Unexpected performance loss when calling Cython function within Python script? - python

So I have a time-critical section of code within a Python script, and I decided to write a Cython module (with one function -- all I need) to replace it. Unfortunately, the execution speed of the function I'm calling from the Cython module (which I'm calling within my Python script) isn't nearly as fast as I tested it to be in a variety of other scenarios. Note that I CANNOT share the code itself because of contract law! See the following cases, and take them as an initial description of my issue:
(1) Execute Cython function by using the Python interpreter to import the module and run the function. Runs relatively quickly (~0.04 sec on ~100 separate tests, versus original ~0.24 secs).
(2) Call Cython function within Python script at 'global' level (i.e. not inside any function). Same speed as case (1).
(3) Call Cython function within Python script, with Cython function inside my Python script's main function; tested with the Cython function in global and local namespaces, all with the same speed as case (1).
(4) Same as (3), but inside a simple for-loop within said Python function. Same speed as case (1).
(5) problem! Same as (4), but inside yet another for-loop: Cython function's execution time (whether called globally or locally) balloons to ~10 times that of the other cases, and this is where I need the function to get called. Nothing odd to report about this loop, and I tested all of the components of this loop (adjusting/removing what I could). I also tried using a 'while' loop for giggles, to no avail.
"One thing I've yet to try is making this inner-most loop a function and going from there." EDIT: Just tried this- no luck.
Thanks for any suggestions you have- I deeply regret not being able to share my code...it hurts my soul a little, but my client just can't have this code floating around. Let me know if there is any other information that I can provide!
-The Real Problem and an Initial (ugly) Solution-
It turns out that the best hint in this scenario was the obvious one (as usual): it wasn't the for-loop that was causing the problem; why would it? After a few more tests, it became obvious that something about the way I was calling my Cython function was wrong, because I could call it elsewhere (using an input variable different from the one going to the 'real' Cython function) without the performance loss issue.
The underlying issue: data types. I wrote my Cython function to expect a list full of standard floats. Unfortunately, my code did this:
function_input = list(numpy_array_containing_npfloat64_data) # yuck.
type(function_input[0]) = numpy.float64
output = Cython_Function(function_input)
inside the Cython function:
def Cython_Function(list function_input):
cdef many_vars
"""process lots of vars expecting C floats""" # Slowness from converting numpy.float64's --> floats???
type(output) = list
return output
I'm aware that I can play around more with types in the Cython function, which I very well may do to prevent having to 'list' an existing numpy array. Anyway, here is my current solution:
function_input = [float(x) for x in function_input]
I welcome any feedback and suggestions for improvement. The function_input numpy array doesn't really need the precision of numpy.float64, but it does get used a few times before getting passed to my Cython function.
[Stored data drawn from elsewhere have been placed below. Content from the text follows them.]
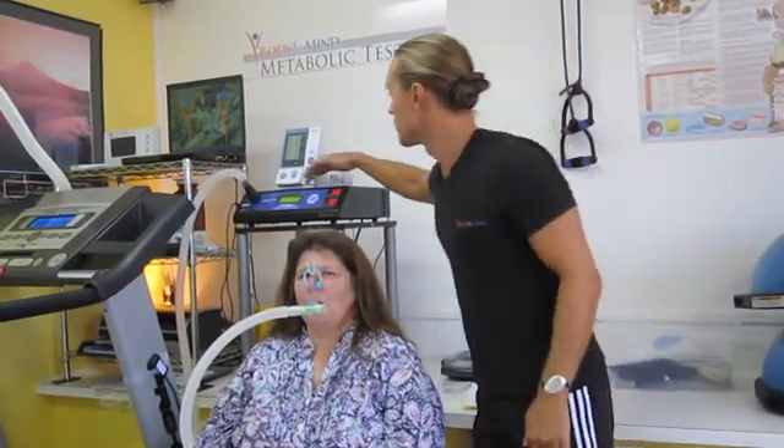We're doing a resting metabolic rate test and we're seeing how many calories Kat is burning just by sitting down in the chair. From this we can find out how many calories she needs for either weight maintenance or weight loss. Right now she's coming in at 1700, which is really good.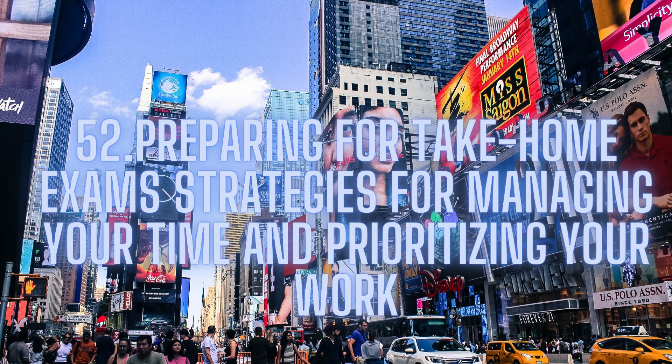In conclusion, preparing for take-home exams requires careful planning, effective time management, and prioritization of tasks. By following the strategies outlined in this article, you can improve your chances of achieving a high grade on your take-home exam. Remember, it's important to set realistic goals, eliminate distractions, take breaks, seek help if needed, and submit your work on time. Good luck!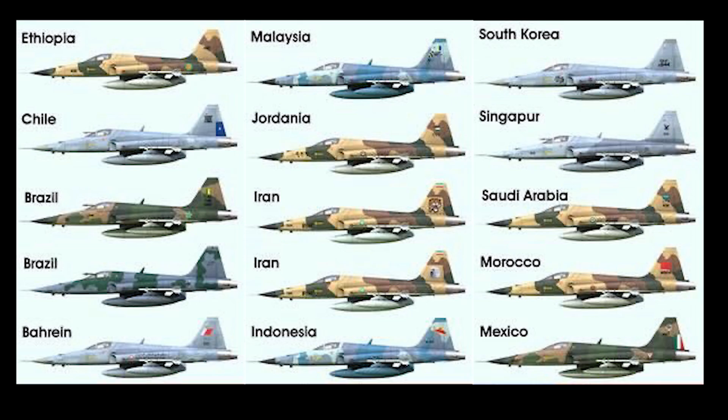Internationally, the F-5E has served in many nations. These include Brazil, Kenya, Malaysia — which operated F-5Es as well as the Tiger Eye version — Mexico, the Republic of Korea, which currently operates 170 F-5Es and Fs, and Singapore, which also operated F-5Es along with the Tiger Eye version and continues to use F-5s as trainers today.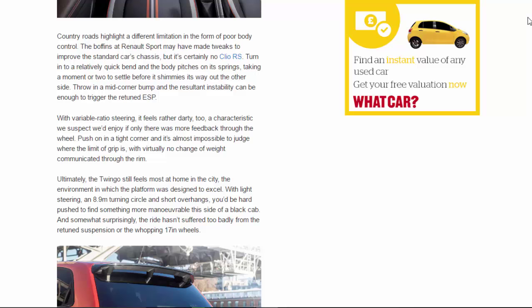Ultimately, the Twingo still feels most at home in the city — the environment in which the platform was designed to excel. With light steering, an 8.9-metre turning circle, and short overhangs, you'd be hard pushed to find something more manoeuvrable this side of a black cab. And somewhat surprisingly, the ride hasn't suffered too badly from the retuned suspension or the whopping 17-inch wheels.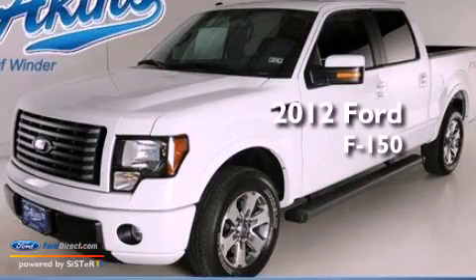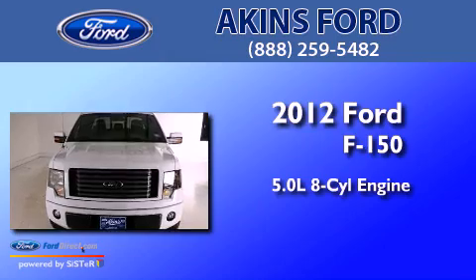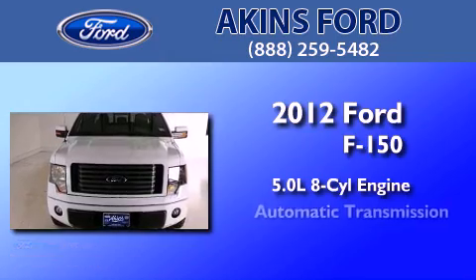This is a brand new 2012 Ford F-150. It features a 5.0 liter 8-cylinder engine and an automatic transmission.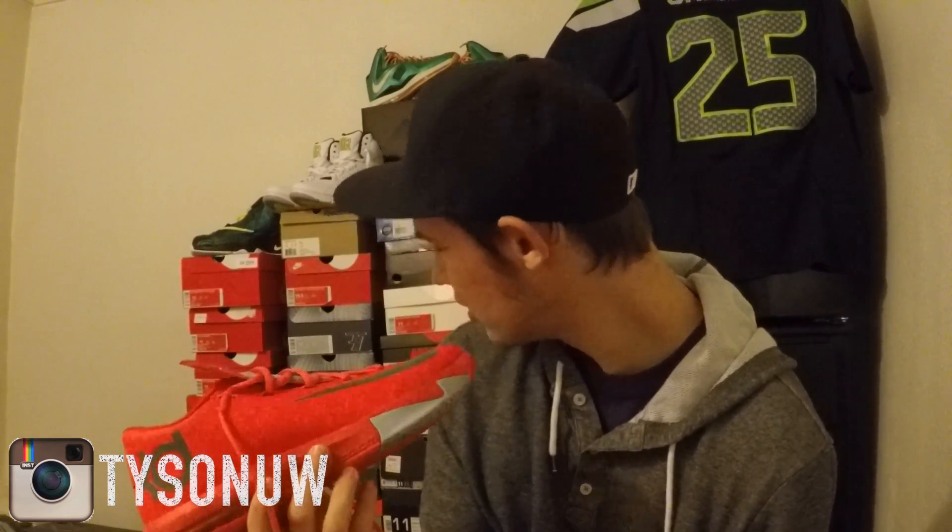I opened them up and the guy said they were worn twice, which I believe, but he must have had a dog or something because there was a whole bunch of dog hair on the insole. I had to get some tape and rub it down to get all the dog hair out — that took a little bit, but they're clean now.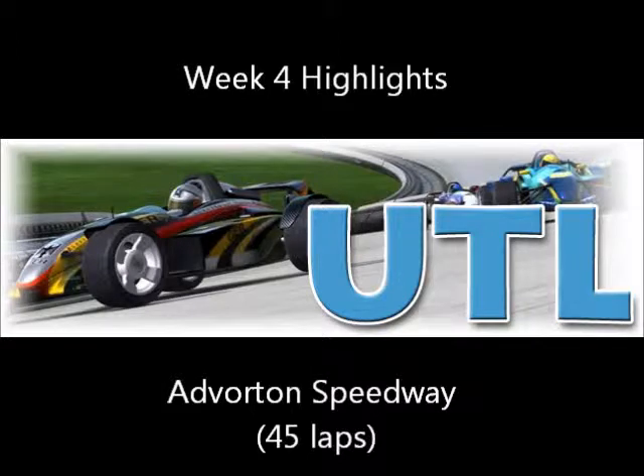Hey everybody, and back to another week of UTL Highlights. We are at week four, and this week we're racing at Advorten Speedway, 45 laps on the Scott Dye-designed track.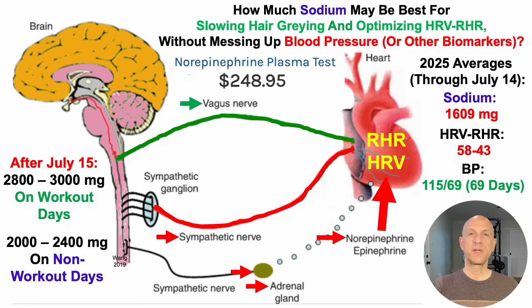On non-workout days, because I'd expect less plasma norepinephrine from not doing a moderate-to-vigorous workout, I'm aiming for around 2,000 to 2,400 milligrams per day. I don't know if those will be the values I settle on long-term — we've got to see how this plays out with effects on blood pressure, heart rate variability, and resting heart rate. And if I see a benefit on gray hair, that's a cherry on top.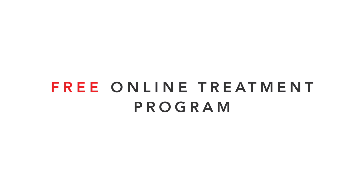Take charge of your health today by signing up for one of Aster's free online treatment programs. Just click the link on the screen. To become a patient or to purchase Aster tools, or to become a certified Aster provider, click the link on the screen.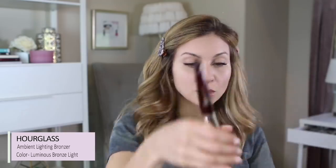Next we're going to create some dimension on the face. I'm going to use my bronzer in Luminous Bronze Light by Hourglass and we're going to grab the BK Beauty 103 bronzer brush for that. I'm just going to dust this onto the cheekbones and into the hairline, then kind of dust it down the center of the face as well. As you can tell, because the brush is so large I'm not really contouring the nose — I'm just giving a little more color there, making that bronze look more natural. Because the sun hits the face directly, we want that color sweeping all across the face.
It could be that, while individually, each function call with the Cython implementation is faster than its corresponding Python function, there is more overhead in the Cython function call because it has to look up the name in the module namespace. You can try assigning the function to a local callable first, for example:
from module import function
def main():
my_func = functon
for i in sequence:
my_func()
If possible, you should try to include the loops within the Cython function, which would reduce the overhead of a Python loop to the (very minimal) overhead of a compiled C loop. I understand that it might not be possible (i.e. need references from a global/larger scope), but it's worth some investigation on your part. Good luck!

function_input = list(numpy_array_containing_npfloat64_data)
def Cython_Function(list function_input):
cdef many_vars
I think the problem is in using the numpy array as a list ... can't you use the np.ndarray as input to the Cython function?
def Cython_Function(np.ndarray[dtype=np.float64] input):
....

Related

How to remove function implementation from a python file?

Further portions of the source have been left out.